The File Explorer displays the distribution files as a virtual network share under the path \\\wsl$\\.

Accessing Linux files from running WSL Distro in PowerShell

1. open a PowerShell or a raised PowerShell.

2. copy and paste the wsl –list – which works in PowerShell, then press Enter to display the current WSL distortions. Note the name of the WSL distribution (for example, Ubuntu) for which you want to access the files. (see screenshot below)

Type the following command in PowerShell and press Enter to go to the WSL distribution directory.

cd \wsl$\NameDistributionName>>NameDistribution

Replace in the above command with the real name of the WSL distribution (e. g. “Ubuntu”) you want in step 2.

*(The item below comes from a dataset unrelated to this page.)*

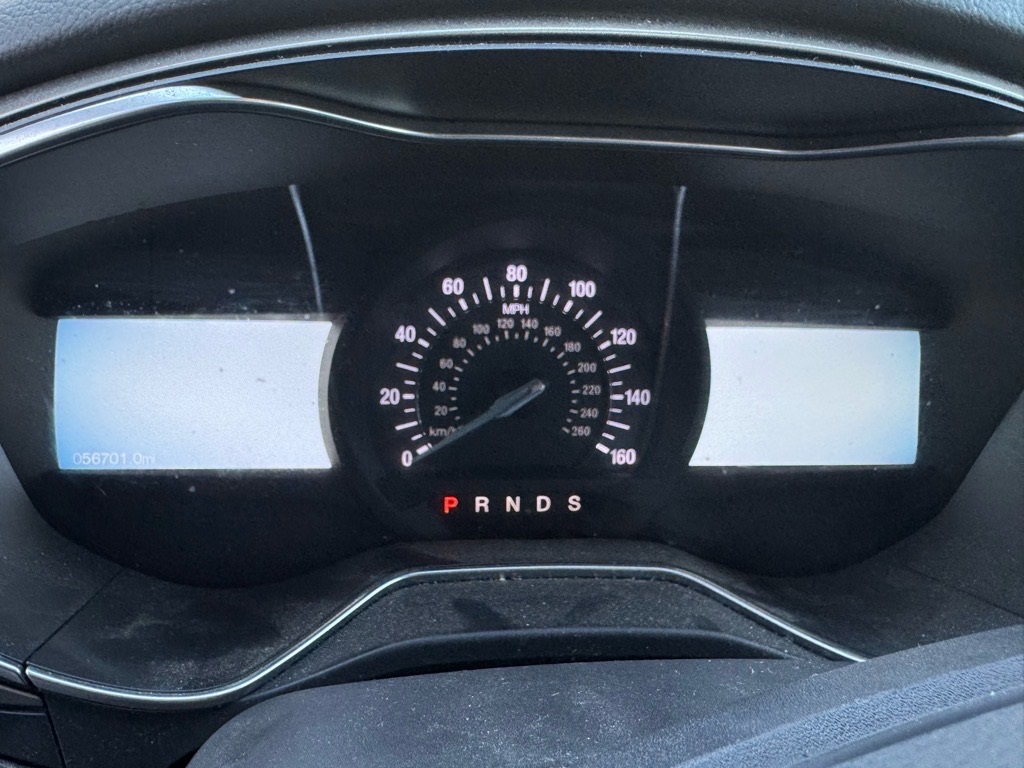 2015 Ford Fusion SE photo 4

For example: cd \wsl$\Ubuntu

Enter them at the command prompt and press Enter to display the above directory.

You can now access your Linux files as usual in PowerShell.

Start the root from the file explorer

It is a relatively simple method.

  1. Start the File Explorer.
  2. Type Linux and press Enter in the address bar of the file explorer.
  3. It will mount the memory for the Linux distributions installed on your computer.
  4. The files are visible in the File Explorer.

After accessing these files in the File Explorer, you can run them normally with the programs installed on your computer. And all the changes you make will be visible in the Terminal window.